[Short web captions]
=== Section Start ===

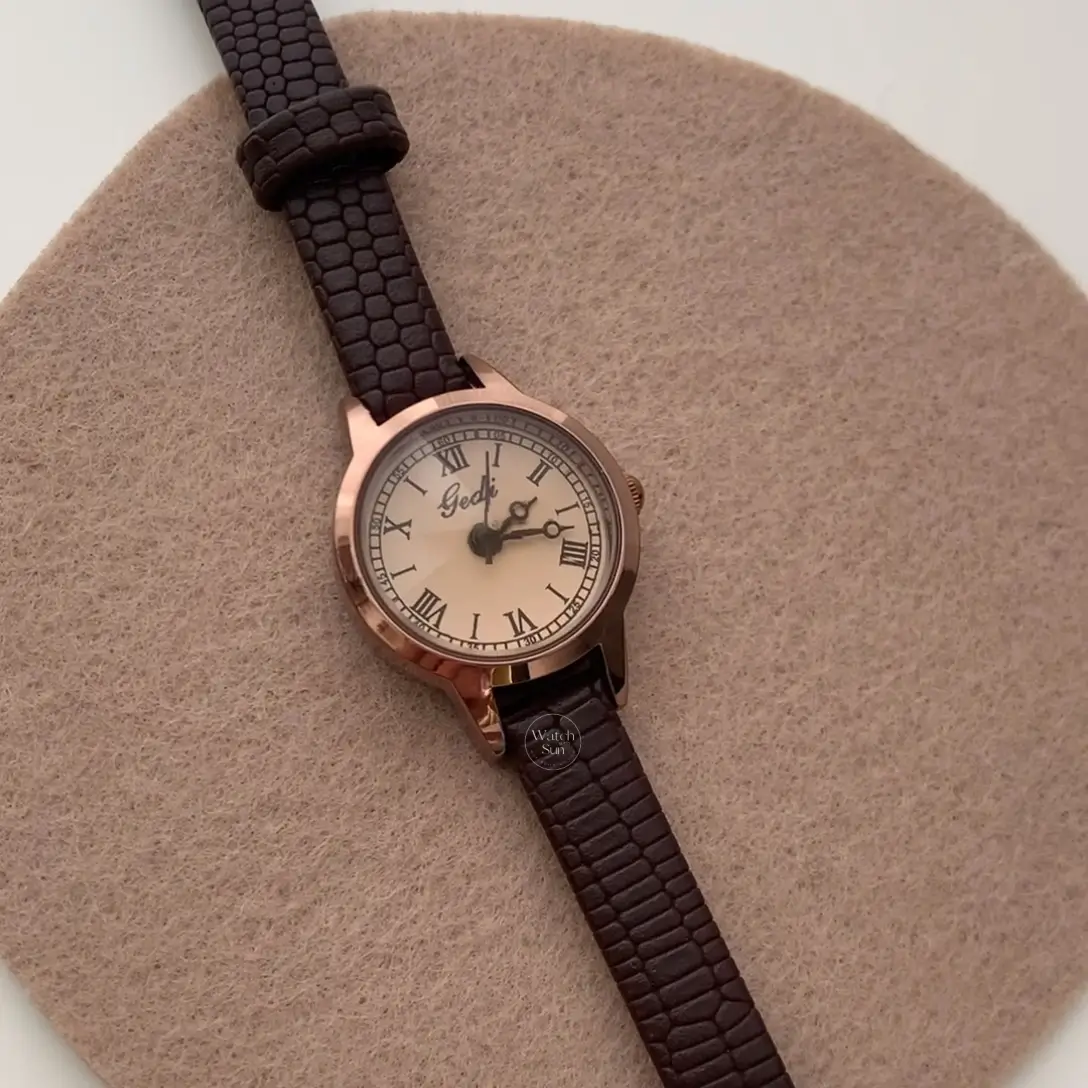 Vintage Style Small Round Face Genuine Leather Watch for Women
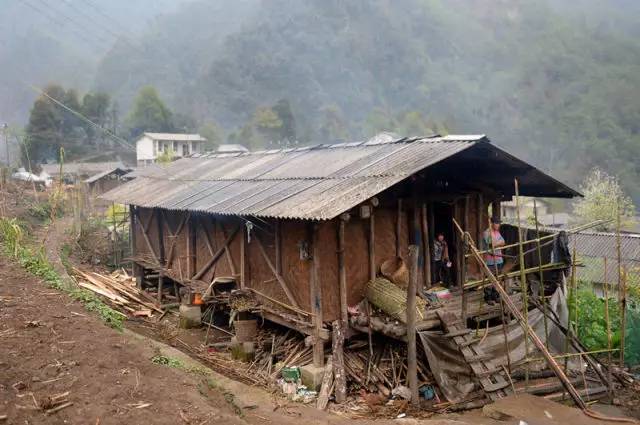 来党中央引领脱贫攻坚纪实CQ9电子app十八大以(图17) 来党中央引领脱贫攻坚纪实CQ9电子app十八大以(图17)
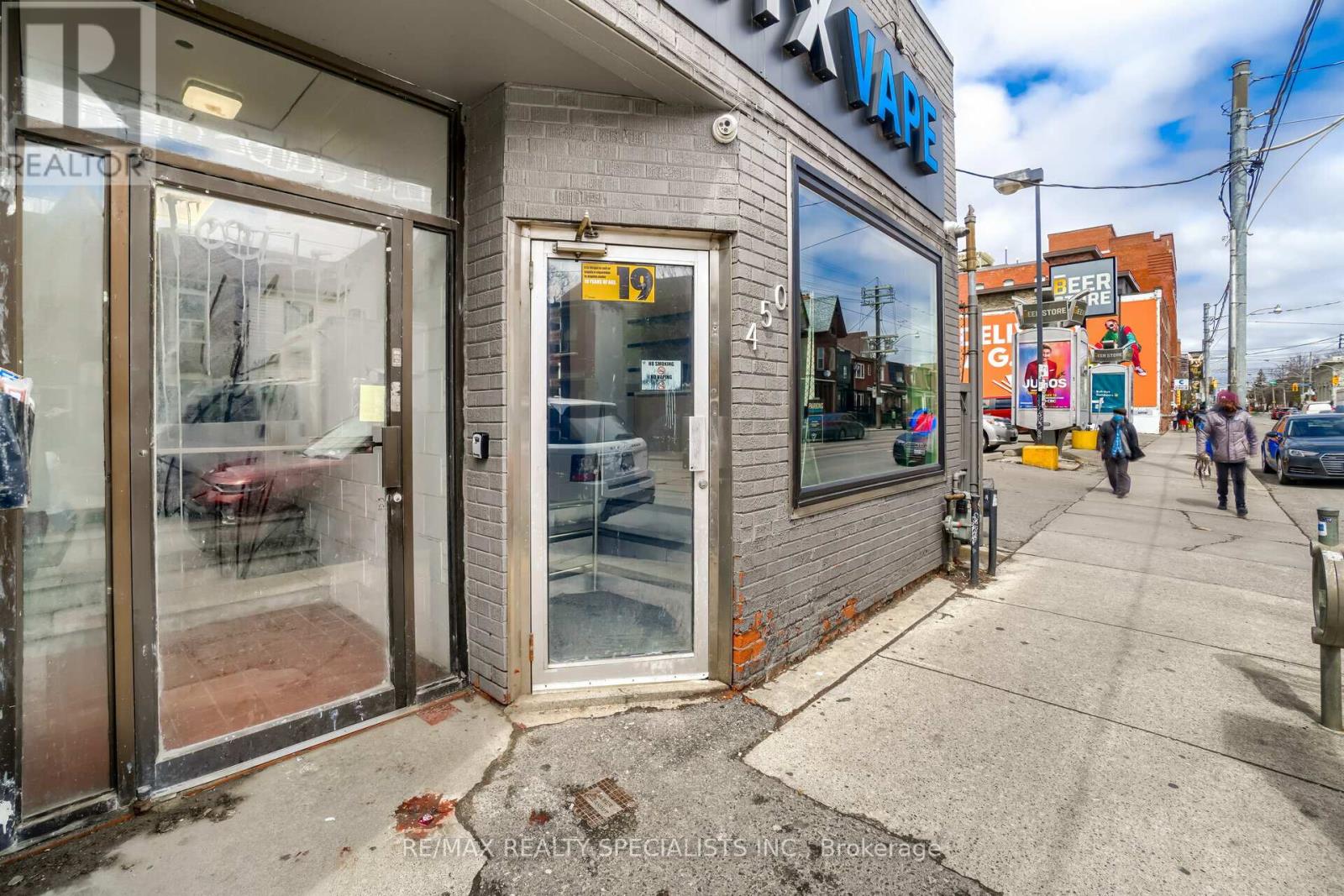 House – 1 - 450 BATHURST STREET, Toronto – photo 2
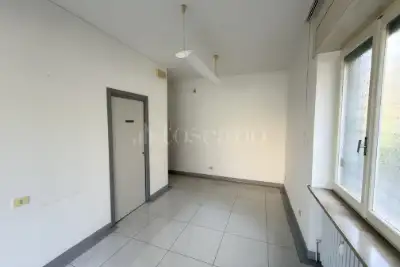 Negozio in vendita, Via Gian Carlo Camozzini, Verona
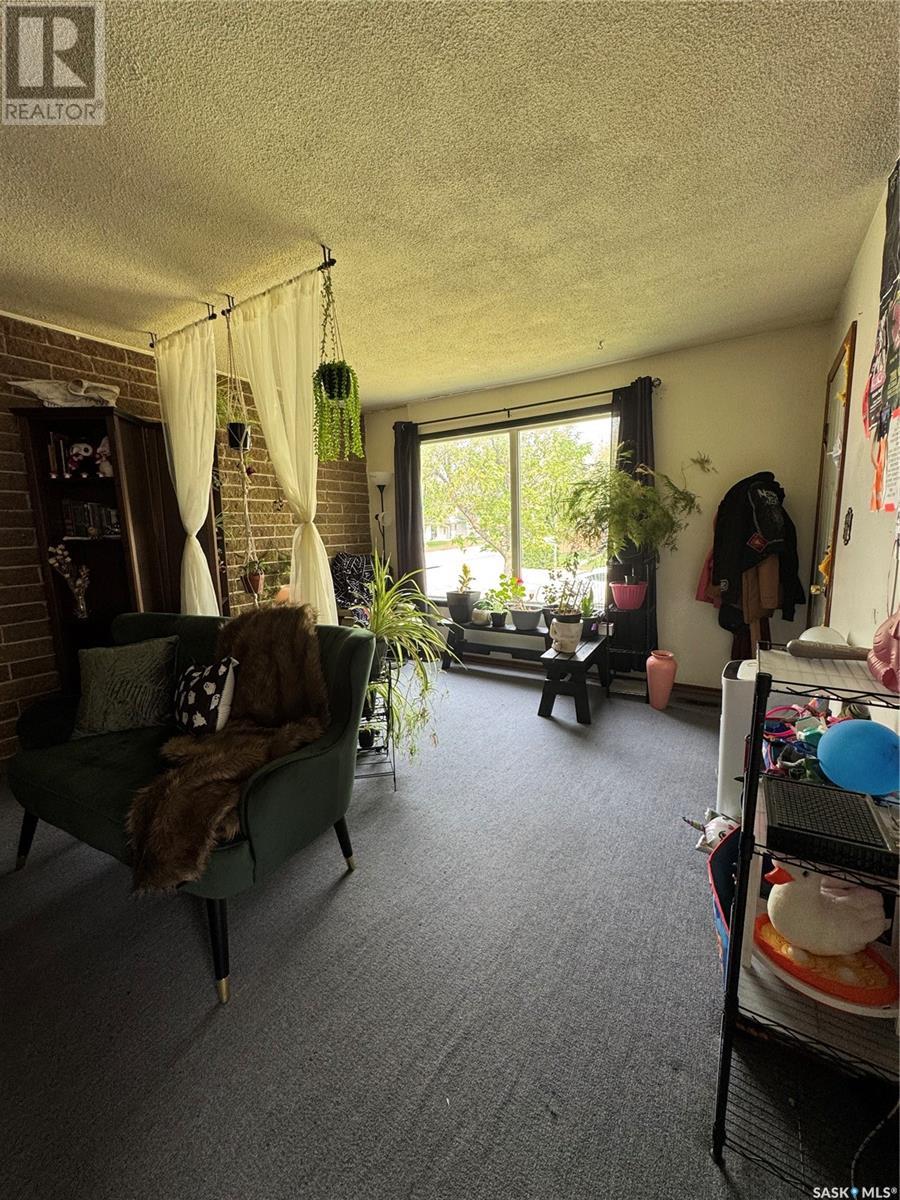 Photo 28 of 2102 2104 Rothwell Street, Regina SK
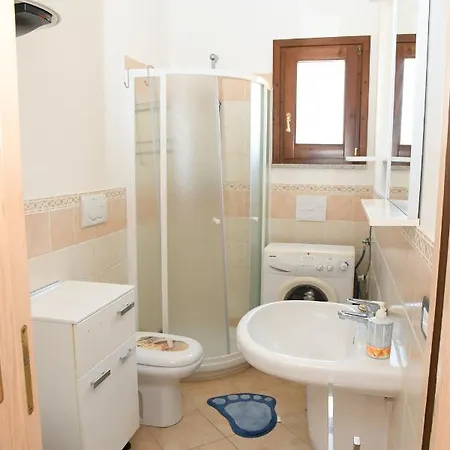 With Swimming Pool Ideal For Families Apartment *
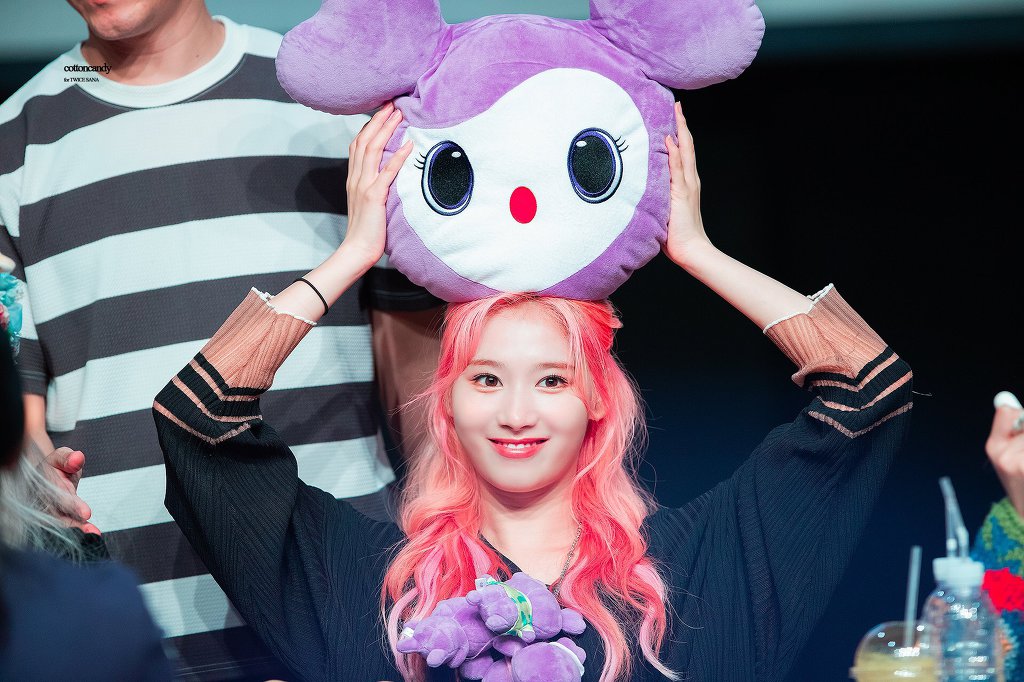 오늘이 생일인 트와이스 사나.jpgif (335장) | 인스티즈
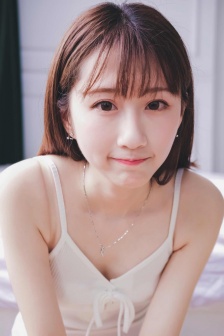 校长捏住陈若雪胸前全文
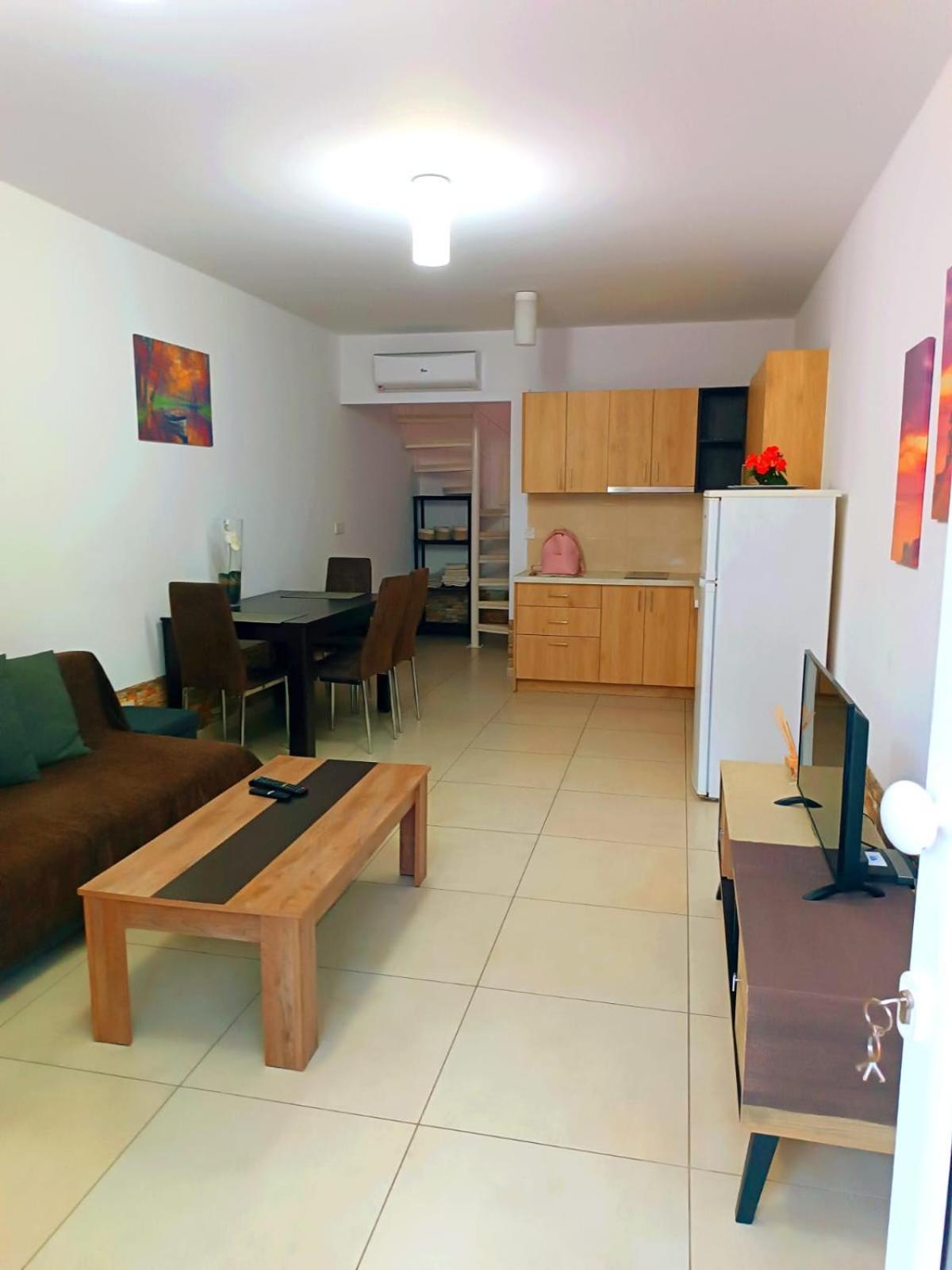 Apartamento Galatex Μaisonette Limassol Exterior foto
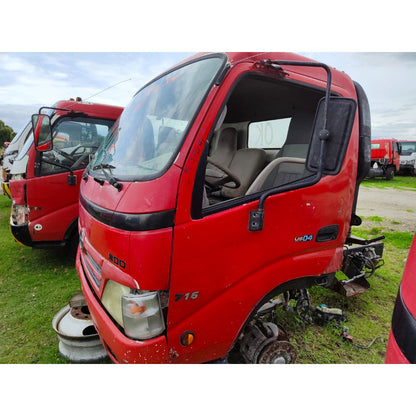Cabina Hino 300 816 716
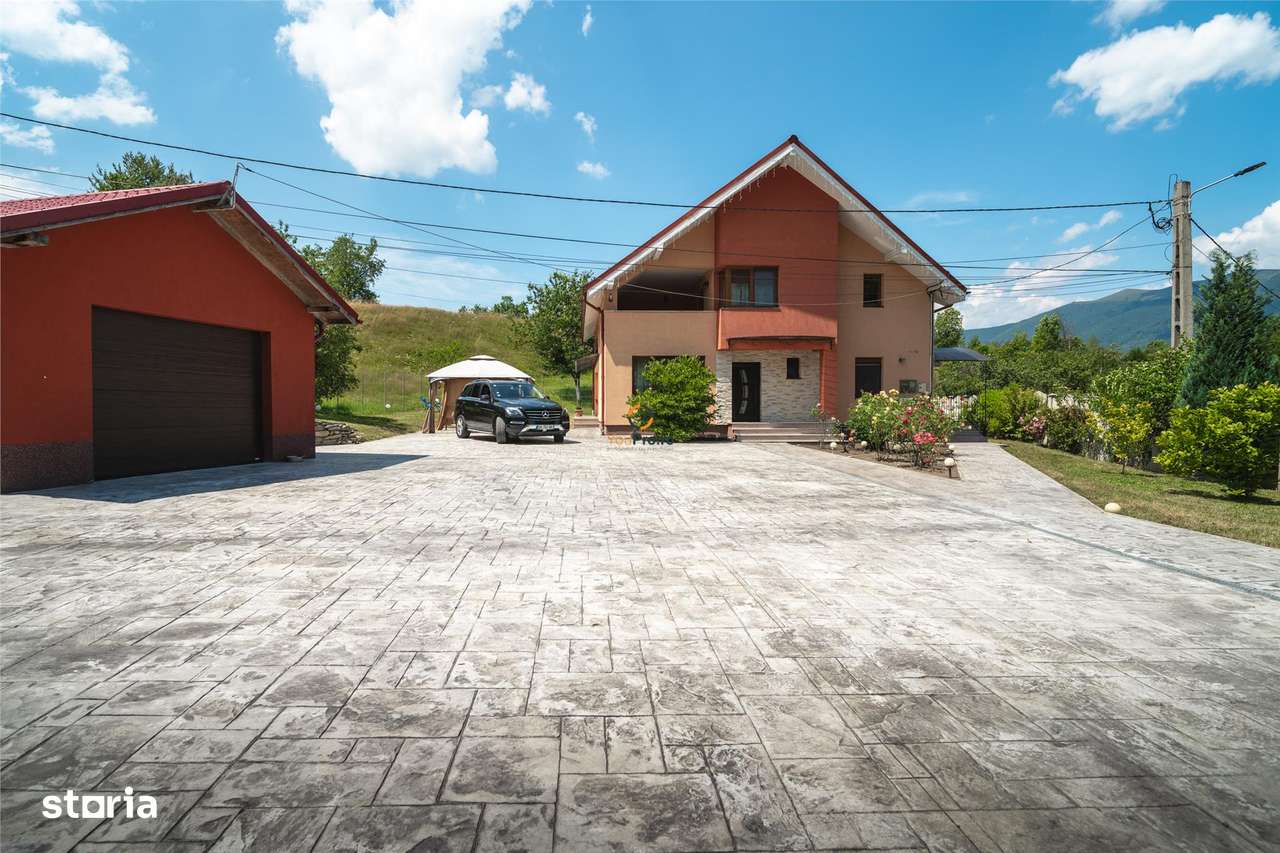 Fara Comision Vila Exclusivista langa Statiunea Straja-0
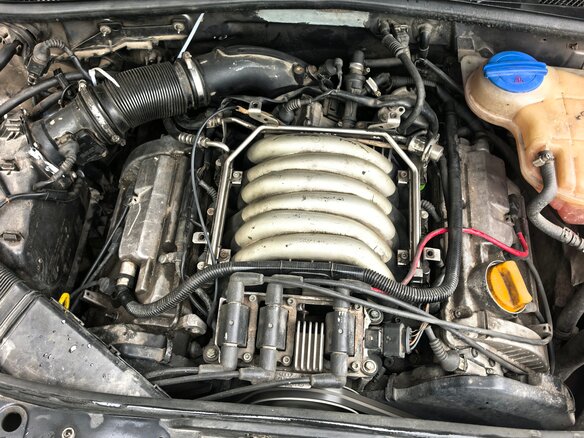 1998 Audi A6 II (C5), белый, 300000 рублей - вид 9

=== Section End ===

WHAT IS NEEDED.
Transcribe every entry word for word, but omit the pictures.

FINISHED EXERCISE.
 Vintage Style Small Round Face Genuine Leather Watch for Women
 来党中央引领脱贫攻坚纪实CQ9电子app十八大以(图17) 来党中央引领脱贫攻坚纪实CQ9电子app十八大以(图17)
 House – 1 - 450 BATHURST STREET, Toronto – photo 2
 Negozio in vendita, Via Gian Carlo Camozzini, Verona
 Photo 28 of 2102 2104 Rothwell Street, Regina SK
 With Swimming Pool Ideal For Families Apartment *
 오늘이 생일인 트와이스 사나.jpgif (335장) | 인스티즈
 校长捏住陈若雪胸前全文
 Apartamento Galatex Μaisonette Limassol Exterior foto
Cabina Hino 300 816 716
 Fara Comision Vila Exclusivista langa Statiunea Straja-0
 1998 Audi A6 II (C5), белый, 300000 рублей - вид 9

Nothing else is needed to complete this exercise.